[[ Records provided open ]]
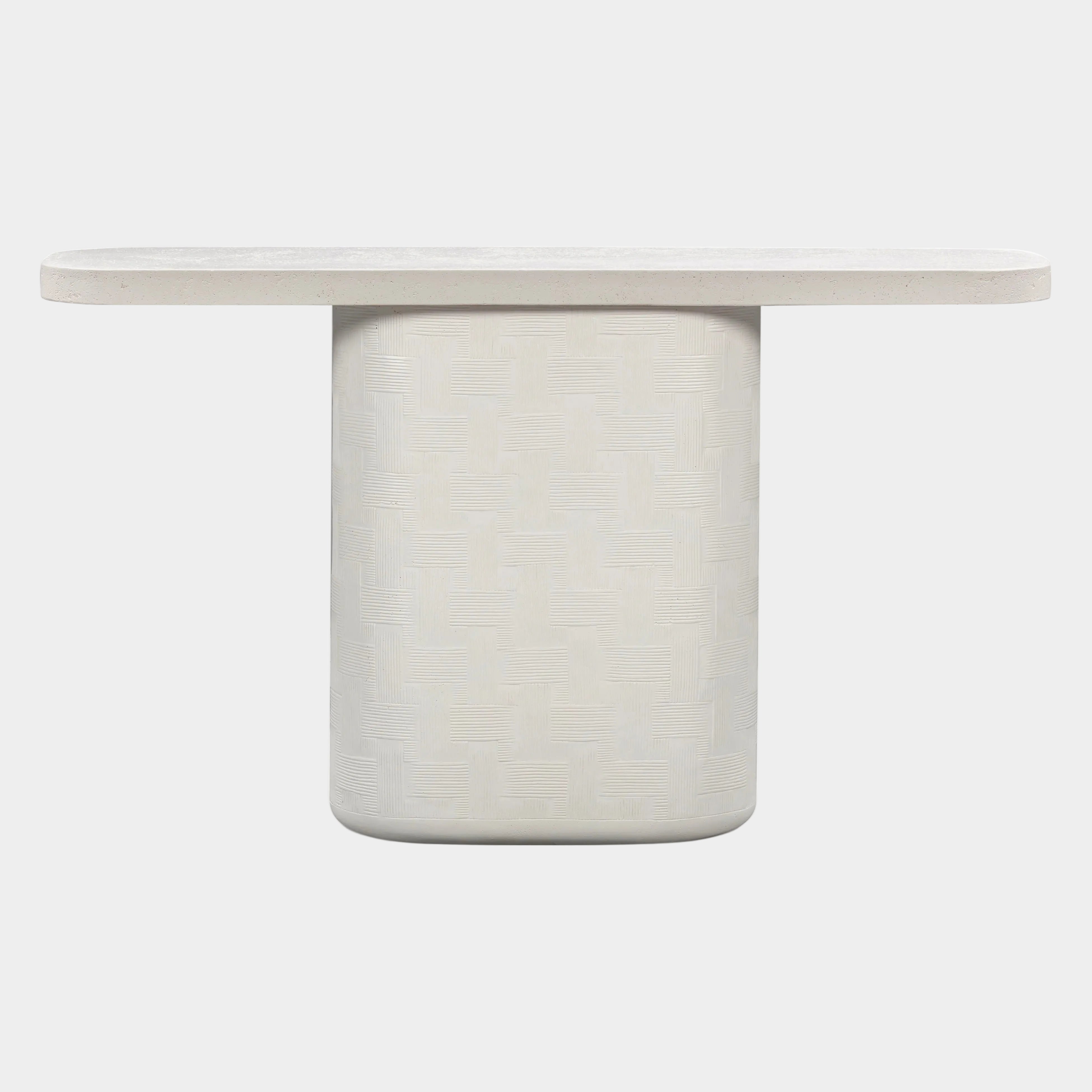 Suraya 55" Indoor/Outdoor Concrete Console Table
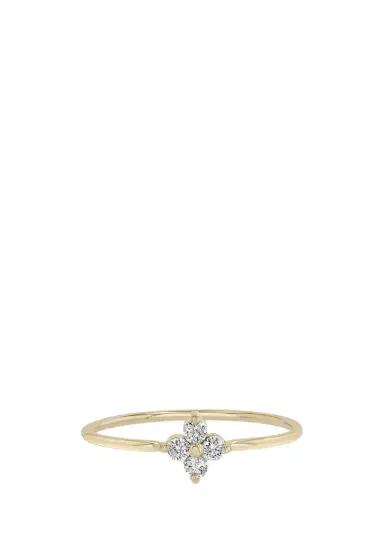 Zoë Chicco 14K Diamond Quad Ring | Thumbnail 1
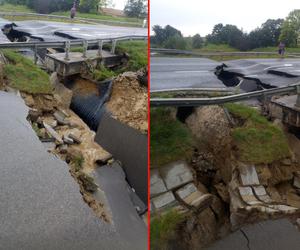 Nawałnica nad Świętokrzyskiem! Oto, co zrobiła z drogą wojewódzką. Tylko w jednym powiecie ponad 220 interwencji [ZDJĘCIA]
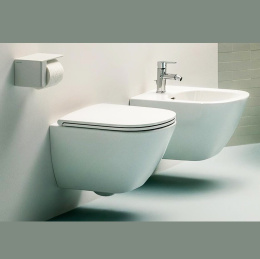 Фото Унитаз подвесной Laufen Lua (8.2008.3.000.000.1) безободковый, белый глянцевый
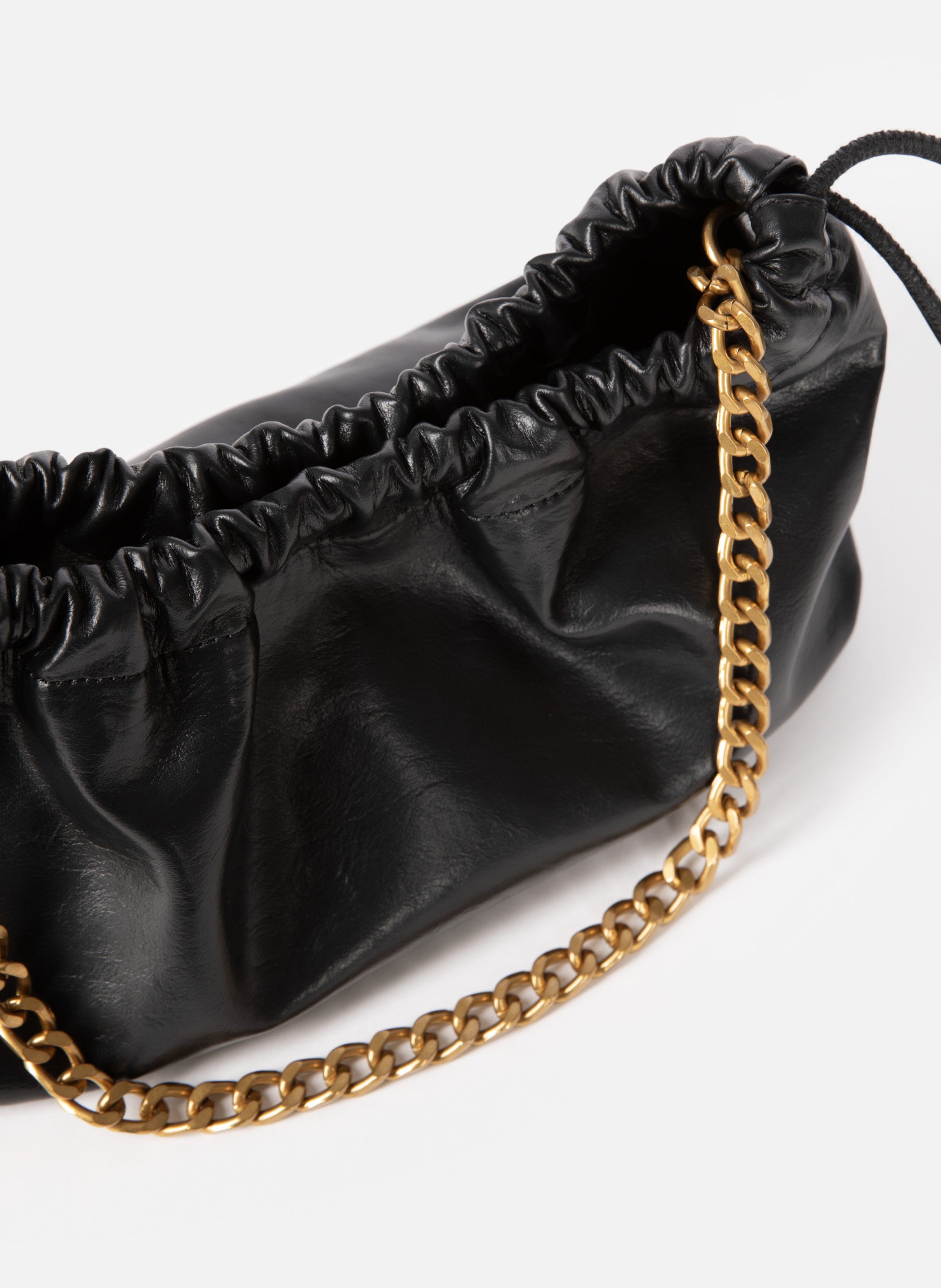 Taylor recycled leather bag THE KOOPLES Black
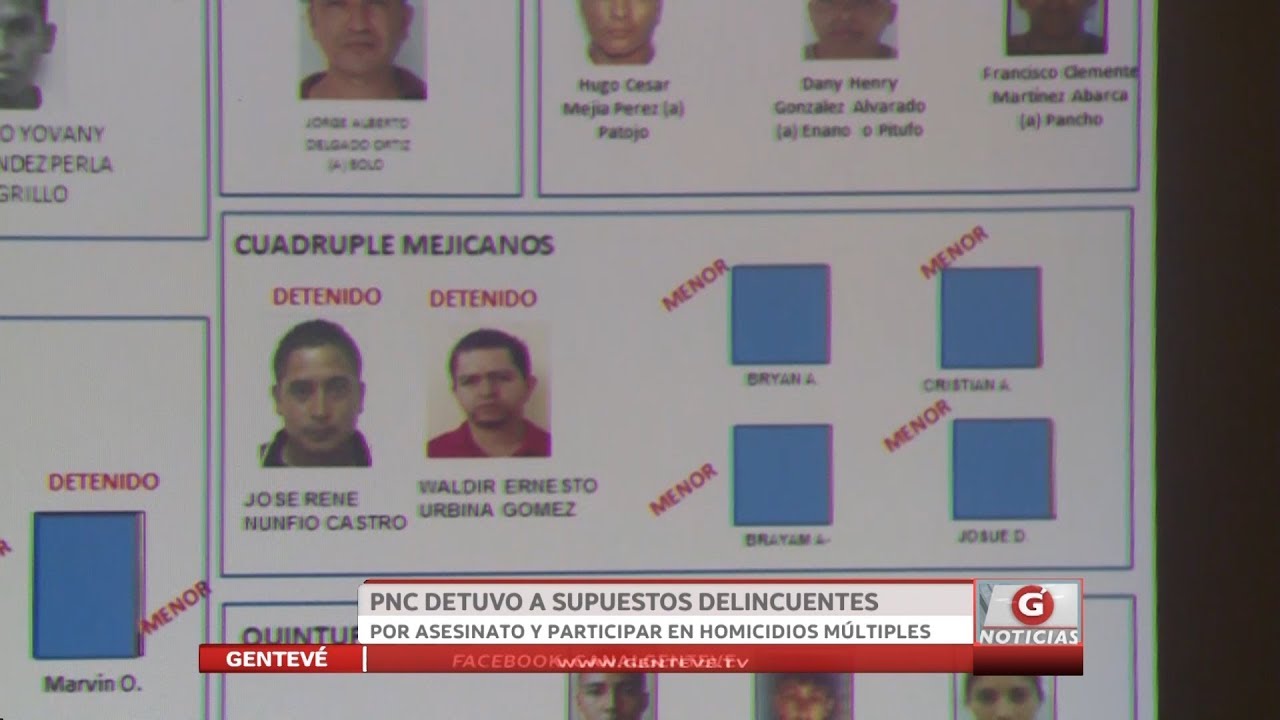 PNC Detuvo a supuestos delicientes por asesinato y participar en homicidios múltiples newspaper mockup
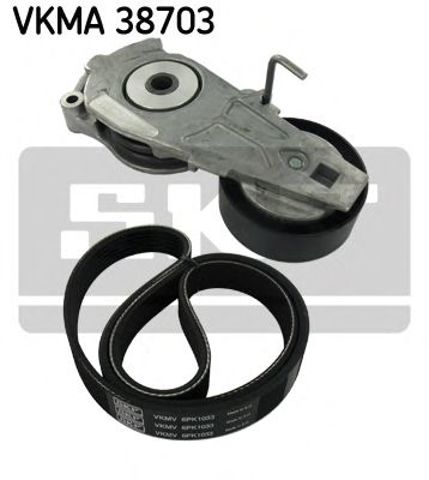 Ремінь приводний, агрегатів, комплект VKMA38703 SKF
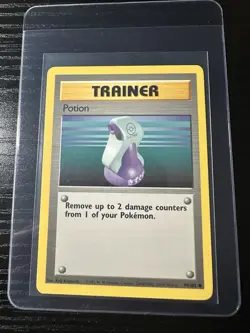 Potion 94/102 Base Set Unlimited WOTC Vintage Pokemon - Image 1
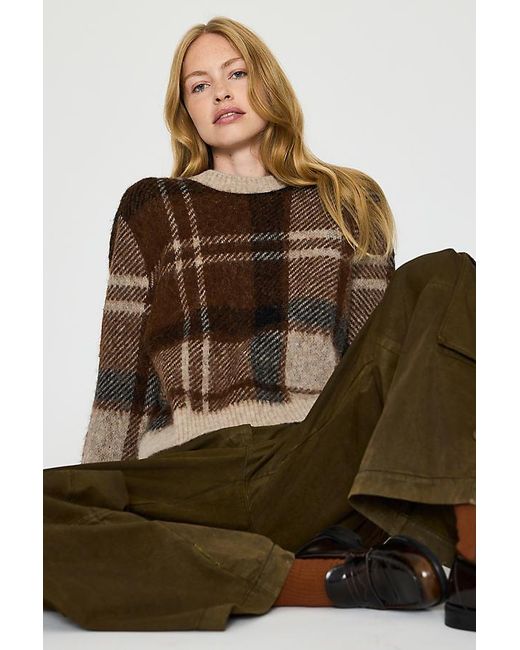 Barbour Brown Glendyn Wool-Blend Jumper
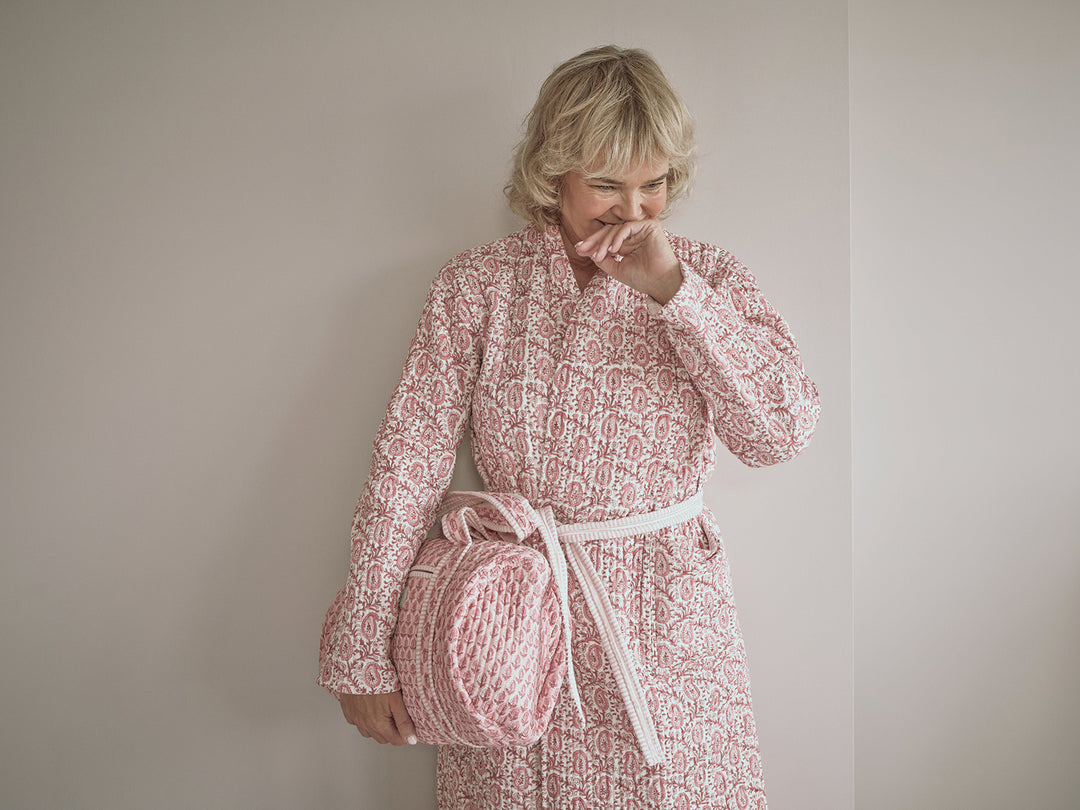 Desert Rose Paisley Quilted Robe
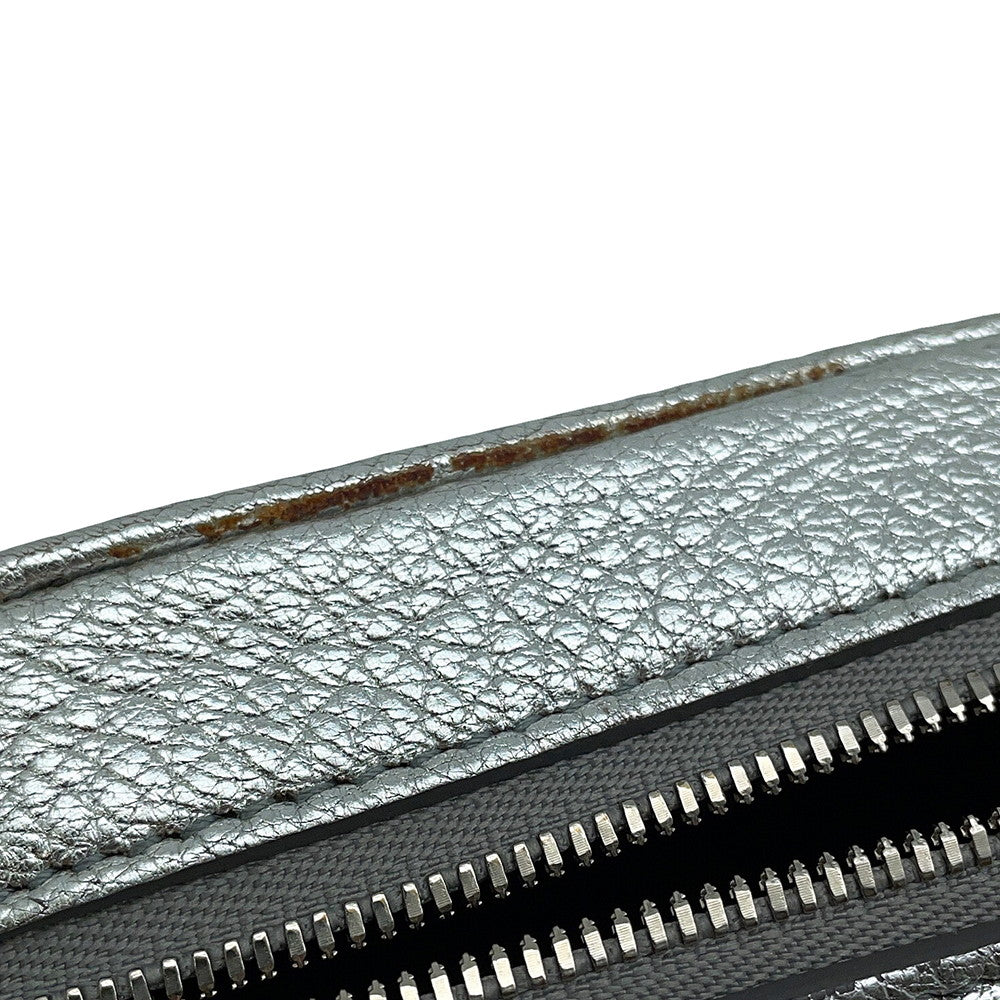 BALENCIAGA Everyday camera bag Silver552372 Leather Size XS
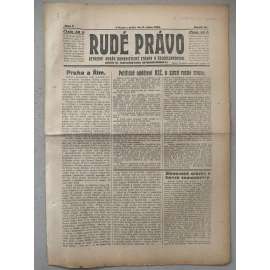 Rudé právo (8.1.1926) - 1. republika, staré noviny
[[ Records provided closed ]]
#### Assignment
Pictures are to be omitted; set down the rest of the entries exactly as given.

#### Your response
 Suraya 55" Indoor/Outdoor Concrete Console Table
 Zoë Chicco 14K Diamond Quad Ring | Thumbnail 1
 Nawałnica nad Świętokrzyskiem! Oto, co zrobiła z drogą wojewódzką. Tylko w jednym powiecie ponad 220 interwencji [ZDJĘCIA]
 Фото Унитаз подвесной Laufen Lua (8.2008.3.000.000.1) безободковый, белый глянцевый
 Taylor recycled leather bag THE KOOPLES Black
 PNC Detuvo a supuestos delicientes por asesinato y participar en homicidios múltiples newspaper mockup
 Ремінь приводний, агрегатів, комплект VKMA38703 SKF
 Potion 94/102 Base Set Unlimited WOTC Vintage Pokemon - Image 1
 Barbour Brown Glendyn Wool-Blend Jumper
 Desert Rose Paisley Quilted Robe
 BALENCIAGA Everyday camera bag Silver552372 Leather Size XS
 Rudé právo (8.1.1926) - 1. republika, staré noviny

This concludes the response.